• [Problem]:
Drop the pictures, then extract the listing word for word.

━━ Information provided

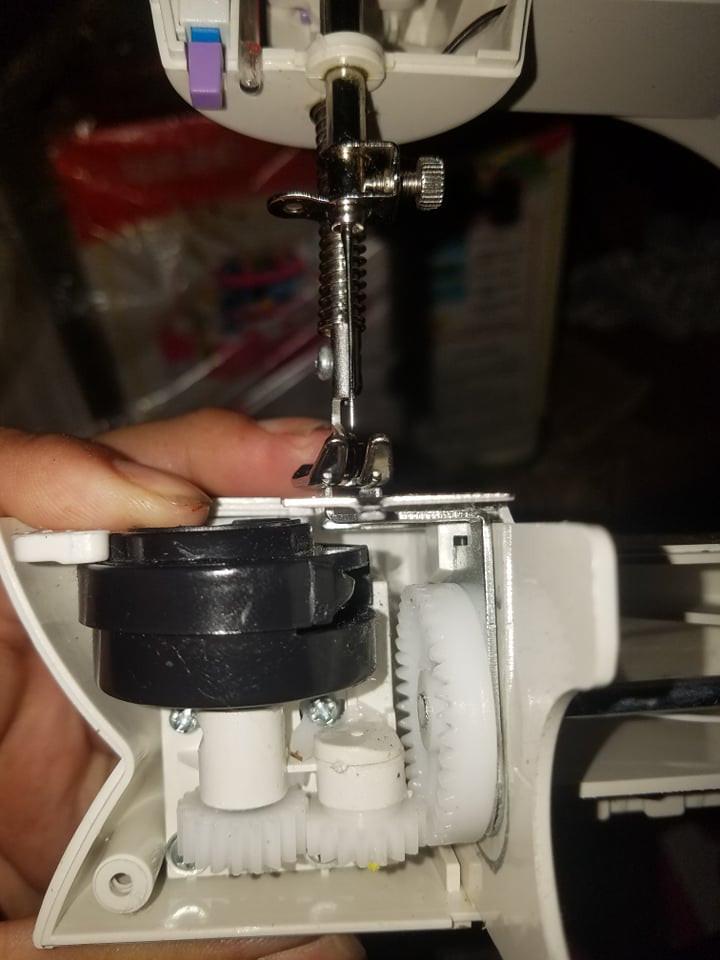 Máy may mini gia đình có đèn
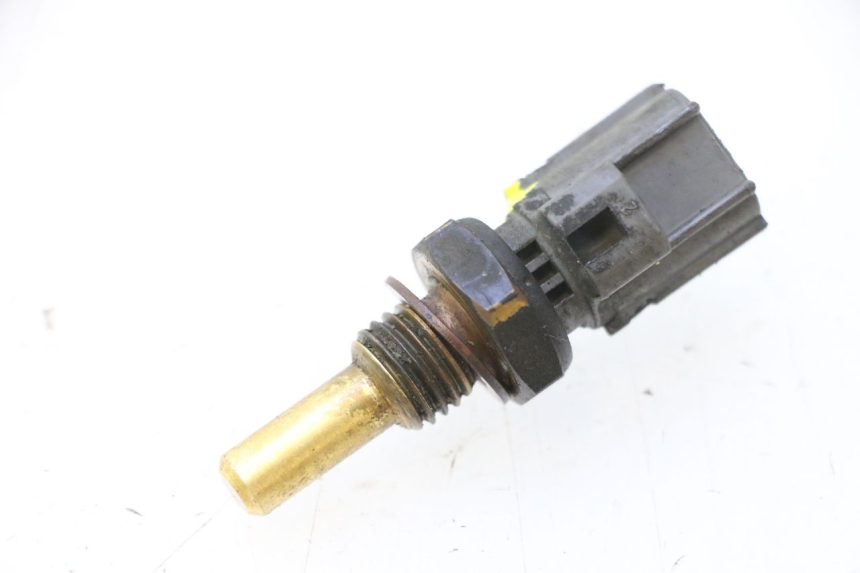 photo de WASSERTEMPERATURSENSOR SUZUKI BURGMAN 125 (2007 - 2014) - Alternative Perspektive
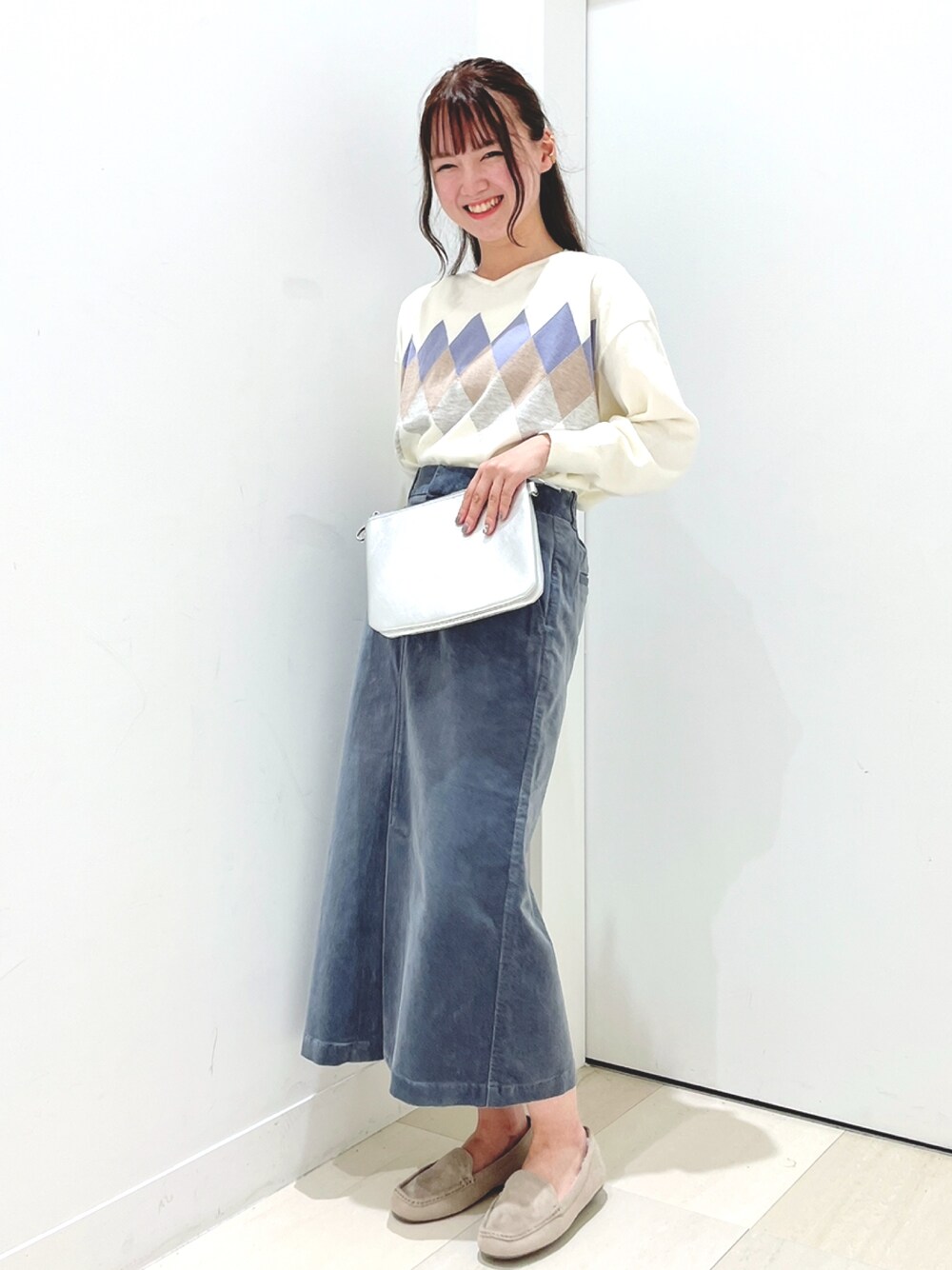 「GLOBAL WORK、コーデュロイスカート、ブルー、ライトブルー、ニット、ダイヤ柄、柄ニット、モカシン、なぴのふく」｜「GLOBAL WORKのフワモコインソールモカシン/847916（モカシン/デッキシューズ、ベージュ系）」を使った、なぴさん（レディース・157cm）の秋コーディネートの1枚目の写真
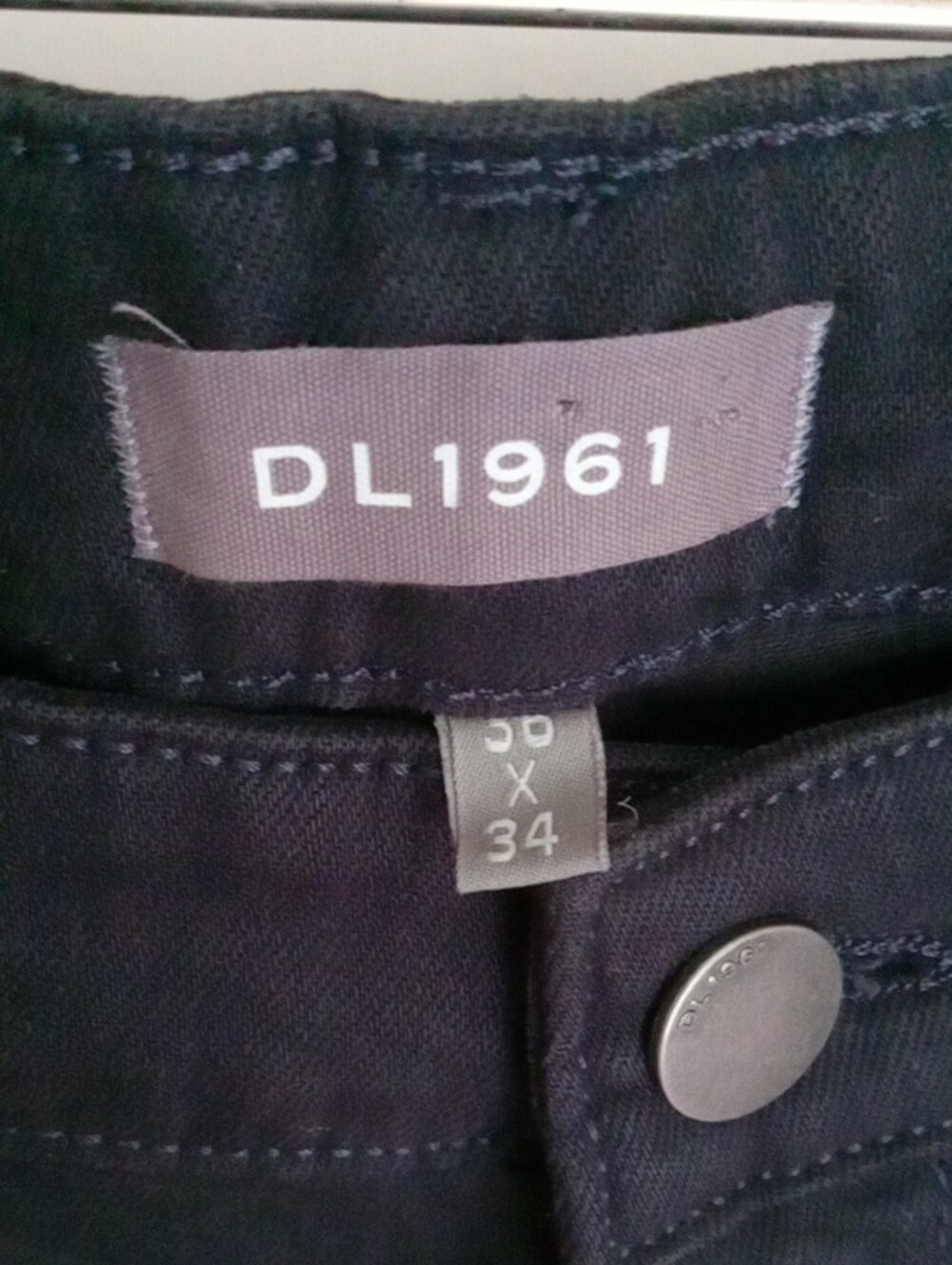DL1961 Avery Men Modern Straight Leg Jeans 36x34 Stretch Premium Denim Dark EUC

━━━━

• [Written answer]:
 Máy may mini gia đình có đèn
 photo de WASSERTEMPERATURSENSOR SUZUKI BURGMAN 125 (2007 - 2014) - Alternative Perspektive
 「GLOBAL WORK、コーデュロイスカート、ブルー、ライトブルー、ニット、ダイヤ柄、柄ニット、モカシン、なぴのふく」｜「GLOBAL WORKのフワモコインソールモカシン/847916（モカシン/デッキシューズ、ベージュ系）」を使った、なぴさん（レディース・157cm）の秋コーディネートの1枚目の写真
DL1961 Avery Men Modern Straight Leg Jeans 36x34 Stretch Premium Denim Dark EUC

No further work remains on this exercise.